= Beginning of Section =

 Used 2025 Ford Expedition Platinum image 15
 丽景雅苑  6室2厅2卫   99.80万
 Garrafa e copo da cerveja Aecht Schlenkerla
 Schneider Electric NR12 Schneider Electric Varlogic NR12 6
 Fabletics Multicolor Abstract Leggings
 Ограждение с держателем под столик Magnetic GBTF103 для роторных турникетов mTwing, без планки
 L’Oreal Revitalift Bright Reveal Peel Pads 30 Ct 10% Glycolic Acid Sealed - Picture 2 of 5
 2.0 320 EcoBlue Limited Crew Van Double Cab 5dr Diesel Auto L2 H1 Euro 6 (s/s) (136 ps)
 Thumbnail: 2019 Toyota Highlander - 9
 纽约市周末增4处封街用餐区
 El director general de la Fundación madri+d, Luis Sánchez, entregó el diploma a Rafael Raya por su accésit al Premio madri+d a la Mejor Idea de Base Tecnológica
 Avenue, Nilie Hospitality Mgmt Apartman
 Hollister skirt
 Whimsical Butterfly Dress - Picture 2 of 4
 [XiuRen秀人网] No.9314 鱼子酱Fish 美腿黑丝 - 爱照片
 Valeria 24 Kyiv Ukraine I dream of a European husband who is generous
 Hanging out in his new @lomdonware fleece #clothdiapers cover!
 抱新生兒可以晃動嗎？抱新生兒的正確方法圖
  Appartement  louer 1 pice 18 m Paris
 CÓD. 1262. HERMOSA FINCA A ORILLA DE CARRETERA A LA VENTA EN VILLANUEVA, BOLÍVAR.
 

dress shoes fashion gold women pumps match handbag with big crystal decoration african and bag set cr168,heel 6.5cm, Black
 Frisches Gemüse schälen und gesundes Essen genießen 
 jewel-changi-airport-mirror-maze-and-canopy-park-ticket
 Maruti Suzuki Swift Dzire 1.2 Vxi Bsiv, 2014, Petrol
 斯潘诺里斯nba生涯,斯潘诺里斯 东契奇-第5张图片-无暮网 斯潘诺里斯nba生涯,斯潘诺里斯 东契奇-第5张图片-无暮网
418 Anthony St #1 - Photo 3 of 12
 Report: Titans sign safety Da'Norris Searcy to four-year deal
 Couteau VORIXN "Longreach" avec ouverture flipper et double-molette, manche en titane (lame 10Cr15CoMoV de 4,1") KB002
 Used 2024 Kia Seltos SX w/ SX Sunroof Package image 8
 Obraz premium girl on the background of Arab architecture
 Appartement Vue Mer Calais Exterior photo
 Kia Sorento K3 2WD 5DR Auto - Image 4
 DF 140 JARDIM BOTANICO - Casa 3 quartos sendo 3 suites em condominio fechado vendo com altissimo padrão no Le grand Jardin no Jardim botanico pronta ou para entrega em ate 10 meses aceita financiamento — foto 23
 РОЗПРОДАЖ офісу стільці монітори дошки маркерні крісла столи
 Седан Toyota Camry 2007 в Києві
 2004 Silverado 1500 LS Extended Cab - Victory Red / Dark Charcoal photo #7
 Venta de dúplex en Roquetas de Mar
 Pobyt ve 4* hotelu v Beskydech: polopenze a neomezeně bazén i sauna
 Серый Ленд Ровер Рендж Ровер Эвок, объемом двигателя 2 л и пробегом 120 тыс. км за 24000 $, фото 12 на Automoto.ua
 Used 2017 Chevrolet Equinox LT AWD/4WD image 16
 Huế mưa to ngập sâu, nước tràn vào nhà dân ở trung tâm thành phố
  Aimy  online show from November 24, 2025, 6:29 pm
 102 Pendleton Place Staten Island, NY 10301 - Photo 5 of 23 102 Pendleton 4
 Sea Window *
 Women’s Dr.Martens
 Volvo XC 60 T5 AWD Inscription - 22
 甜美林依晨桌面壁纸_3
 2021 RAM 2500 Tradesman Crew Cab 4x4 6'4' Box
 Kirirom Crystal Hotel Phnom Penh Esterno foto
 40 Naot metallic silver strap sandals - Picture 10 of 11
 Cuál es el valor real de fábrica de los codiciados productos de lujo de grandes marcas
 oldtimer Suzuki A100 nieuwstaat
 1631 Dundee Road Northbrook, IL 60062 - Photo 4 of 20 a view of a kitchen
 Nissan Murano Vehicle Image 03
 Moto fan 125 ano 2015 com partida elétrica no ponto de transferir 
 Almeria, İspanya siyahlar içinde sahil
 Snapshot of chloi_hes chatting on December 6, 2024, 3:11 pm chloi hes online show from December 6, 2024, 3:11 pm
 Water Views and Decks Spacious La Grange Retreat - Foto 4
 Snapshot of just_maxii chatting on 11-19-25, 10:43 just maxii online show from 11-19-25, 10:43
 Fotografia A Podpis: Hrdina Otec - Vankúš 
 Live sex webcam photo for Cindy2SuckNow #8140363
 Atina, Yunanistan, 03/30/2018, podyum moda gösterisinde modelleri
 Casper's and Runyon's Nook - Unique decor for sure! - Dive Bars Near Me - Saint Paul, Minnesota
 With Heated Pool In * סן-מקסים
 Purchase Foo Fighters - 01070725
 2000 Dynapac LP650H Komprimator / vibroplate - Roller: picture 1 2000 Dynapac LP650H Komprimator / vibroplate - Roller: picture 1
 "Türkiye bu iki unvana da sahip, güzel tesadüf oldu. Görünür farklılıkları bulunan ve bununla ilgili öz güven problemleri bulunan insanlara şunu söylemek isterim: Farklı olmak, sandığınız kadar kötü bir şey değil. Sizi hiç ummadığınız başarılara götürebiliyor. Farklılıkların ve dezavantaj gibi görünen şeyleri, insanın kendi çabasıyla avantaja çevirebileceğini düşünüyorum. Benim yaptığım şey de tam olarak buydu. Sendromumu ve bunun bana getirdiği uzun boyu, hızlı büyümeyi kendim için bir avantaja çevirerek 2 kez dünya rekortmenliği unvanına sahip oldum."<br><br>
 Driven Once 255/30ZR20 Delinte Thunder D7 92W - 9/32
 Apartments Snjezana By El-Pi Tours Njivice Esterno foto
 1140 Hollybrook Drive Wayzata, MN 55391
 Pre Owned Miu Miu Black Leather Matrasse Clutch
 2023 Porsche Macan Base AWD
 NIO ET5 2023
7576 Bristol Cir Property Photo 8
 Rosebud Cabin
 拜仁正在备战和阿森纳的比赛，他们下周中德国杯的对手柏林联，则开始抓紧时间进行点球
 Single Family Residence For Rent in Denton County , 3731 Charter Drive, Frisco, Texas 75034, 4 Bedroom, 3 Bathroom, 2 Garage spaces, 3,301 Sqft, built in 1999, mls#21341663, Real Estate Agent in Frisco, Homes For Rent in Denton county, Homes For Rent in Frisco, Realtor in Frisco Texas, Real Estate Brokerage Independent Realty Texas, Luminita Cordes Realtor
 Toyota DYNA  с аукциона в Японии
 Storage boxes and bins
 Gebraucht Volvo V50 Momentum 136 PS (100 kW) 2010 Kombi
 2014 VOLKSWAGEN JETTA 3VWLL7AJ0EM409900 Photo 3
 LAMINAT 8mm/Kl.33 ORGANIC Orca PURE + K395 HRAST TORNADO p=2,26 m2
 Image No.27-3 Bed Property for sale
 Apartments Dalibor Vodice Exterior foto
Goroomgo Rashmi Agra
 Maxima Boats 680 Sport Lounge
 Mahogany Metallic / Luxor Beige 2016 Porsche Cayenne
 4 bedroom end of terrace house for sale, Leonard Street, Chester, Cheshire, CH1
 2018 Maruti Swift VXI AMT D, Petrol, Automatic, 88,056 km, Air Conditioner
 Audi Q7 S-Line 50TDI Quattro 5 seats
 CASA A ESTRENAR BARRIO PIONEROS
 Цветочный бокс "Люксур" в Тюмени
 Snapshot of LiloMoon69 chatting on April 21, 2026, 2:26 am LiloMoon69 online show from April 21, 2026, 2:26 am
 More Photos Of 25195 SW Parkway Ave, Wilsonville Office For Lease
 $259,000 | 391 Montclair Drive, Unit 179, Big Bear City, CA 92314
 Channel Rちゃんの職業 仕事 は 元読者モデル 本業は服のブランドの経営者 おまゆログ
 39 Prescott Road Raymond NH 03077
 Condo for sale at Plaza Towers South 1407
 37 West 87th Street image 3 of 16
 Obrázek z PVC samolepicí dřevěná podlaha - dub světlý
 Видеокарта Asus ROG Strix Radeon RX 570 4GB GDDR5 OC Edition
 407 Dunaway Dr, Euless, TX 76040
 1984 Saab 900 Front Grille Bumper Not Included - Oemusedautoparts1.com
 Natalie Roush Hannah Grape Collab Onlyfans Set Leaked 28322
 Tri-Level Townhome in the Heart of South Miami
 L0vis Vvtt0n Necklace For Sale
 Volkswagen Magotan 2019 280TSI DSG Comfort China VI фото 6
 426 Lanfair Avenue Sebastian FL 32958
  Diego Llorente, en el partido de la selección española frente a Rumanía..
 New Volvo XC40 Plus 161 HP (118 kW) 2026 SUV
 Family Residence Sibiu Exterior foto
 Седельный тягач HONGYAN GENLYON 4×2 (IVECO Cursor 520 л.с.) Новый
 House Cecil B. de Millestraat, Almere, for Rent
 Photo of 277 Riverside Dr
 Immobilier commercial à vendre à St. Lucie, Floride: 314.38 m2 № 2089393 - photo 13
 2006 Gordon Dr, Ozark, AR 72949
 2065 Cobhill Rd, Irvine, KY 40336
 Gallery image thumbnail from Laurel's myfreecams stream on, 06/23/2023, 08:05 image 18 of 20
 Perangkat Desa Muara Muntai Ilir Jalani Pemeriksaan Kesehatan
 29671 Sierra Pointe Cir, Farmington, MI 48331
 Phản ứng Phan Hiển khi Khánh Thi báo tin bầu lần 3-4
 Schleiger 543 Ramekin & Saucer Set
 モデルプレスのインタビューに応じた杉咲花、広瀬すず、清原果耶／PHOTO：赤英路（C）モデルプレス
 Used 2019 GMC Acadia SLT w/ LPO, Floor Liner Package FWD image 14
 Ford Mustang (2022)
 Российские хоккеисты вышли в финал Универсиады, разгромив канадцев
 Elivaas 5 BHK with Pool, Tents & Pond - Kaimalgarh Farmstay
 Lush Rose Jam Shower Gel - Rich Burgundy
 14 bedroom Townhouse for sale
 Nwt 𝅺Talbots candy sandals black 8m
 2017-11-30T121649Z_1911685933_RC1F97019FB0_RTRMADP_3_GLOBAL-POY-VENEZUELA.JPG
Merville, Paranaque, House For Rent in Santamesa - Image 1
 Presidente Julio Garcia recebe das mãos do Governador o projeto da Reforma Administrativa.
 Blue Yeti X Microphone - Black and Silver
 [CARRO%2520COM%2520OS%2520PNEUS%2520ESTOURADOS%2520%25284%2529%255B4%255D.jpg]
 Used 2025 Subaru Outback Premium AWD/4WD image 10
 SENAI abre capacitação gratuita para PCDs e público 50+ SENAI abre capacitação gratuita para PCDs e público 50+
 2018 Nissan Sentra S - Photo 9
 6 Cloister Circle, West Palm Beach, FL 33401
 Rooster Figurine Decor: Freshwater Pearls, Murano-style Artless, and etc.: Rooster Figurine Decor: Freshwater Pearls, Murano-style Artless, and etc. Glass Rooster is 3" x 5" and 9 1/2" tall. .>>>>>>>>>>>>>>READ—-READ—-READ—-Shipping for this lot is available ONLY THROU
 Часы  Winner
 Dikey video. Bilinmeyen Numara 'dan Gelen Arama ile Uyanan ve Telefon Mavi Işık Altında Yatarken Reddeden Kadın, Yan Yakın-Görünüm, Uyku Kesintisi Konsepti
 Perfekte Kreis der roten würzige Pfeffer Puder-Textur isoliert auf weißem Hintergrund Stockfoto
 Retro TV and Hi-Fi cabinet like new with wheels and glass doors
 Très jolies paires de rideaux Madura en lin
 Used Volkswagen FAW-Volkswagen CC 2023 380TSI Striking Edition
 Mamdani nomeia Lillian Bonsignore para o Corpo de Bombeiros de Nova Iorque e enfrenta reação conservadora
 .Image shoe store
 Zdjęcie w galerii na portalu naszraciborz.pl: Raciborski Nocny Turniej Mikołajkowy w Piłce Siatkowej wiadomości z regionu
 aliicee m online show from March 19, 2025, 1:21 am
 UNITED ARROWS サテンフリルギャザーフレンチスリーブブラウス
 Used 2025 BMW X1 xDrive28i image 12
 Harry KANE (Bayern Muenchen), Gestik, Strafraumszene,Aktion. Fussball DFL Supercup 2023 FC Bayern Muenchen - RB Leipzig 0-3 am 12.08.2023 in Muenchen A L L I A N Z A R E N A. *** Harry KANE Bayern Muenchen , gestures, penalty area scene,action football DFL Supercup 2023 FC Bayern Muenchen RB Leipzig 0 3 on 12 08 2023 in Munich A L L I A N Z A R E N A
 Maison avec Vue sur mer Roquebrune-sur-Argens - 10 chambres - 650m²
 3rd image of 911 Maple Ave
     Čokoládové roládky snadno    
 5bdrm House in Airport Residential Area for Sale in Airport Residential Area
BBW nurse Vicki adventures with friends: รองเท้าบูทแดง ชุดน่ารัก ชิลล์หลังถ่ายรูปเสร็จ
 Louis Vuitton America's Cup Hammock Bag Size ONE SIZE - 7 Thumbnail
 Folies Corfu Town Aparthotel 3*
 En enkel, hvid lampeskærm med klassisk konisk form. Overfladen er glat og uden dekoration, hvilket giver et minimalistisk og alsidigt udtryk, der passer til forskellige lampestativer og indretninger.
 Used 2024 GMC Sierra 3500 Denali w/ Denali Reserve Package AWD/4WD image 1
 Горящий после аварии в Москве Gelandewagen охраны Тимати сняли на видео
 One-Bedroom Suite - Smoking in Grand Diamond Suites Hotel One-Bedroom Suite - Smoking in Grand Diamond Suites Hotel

= End of Section =

Task details - Using the data above, reproduce exactly the lines from the line that contains "Седан Toyota Camry 2007 в Києві" through the line that contains "Used 2017 Chevrolet", including both.

Answer to the exercise -
 Седан Toyota Camry 2007 в Києві
 2004 Silverado 1500 LS Extended Cab - Victory Red / Dark Charcoal photo #7
 Venta de dúplex en Roquetas de Mar
 Pobyt ve 4* hotelu v Beskydech: polopenze a neomezeně bazén i sauna
 Серый Ленд Ровер Рендж Ровер Эвок, объемом двигателя 2 л и пробегом 120 тыс. км за 24000 $, фото 12 на Automoto.ua
 Used 2017 Chevrolet Equinox LT AWD/4WD image 16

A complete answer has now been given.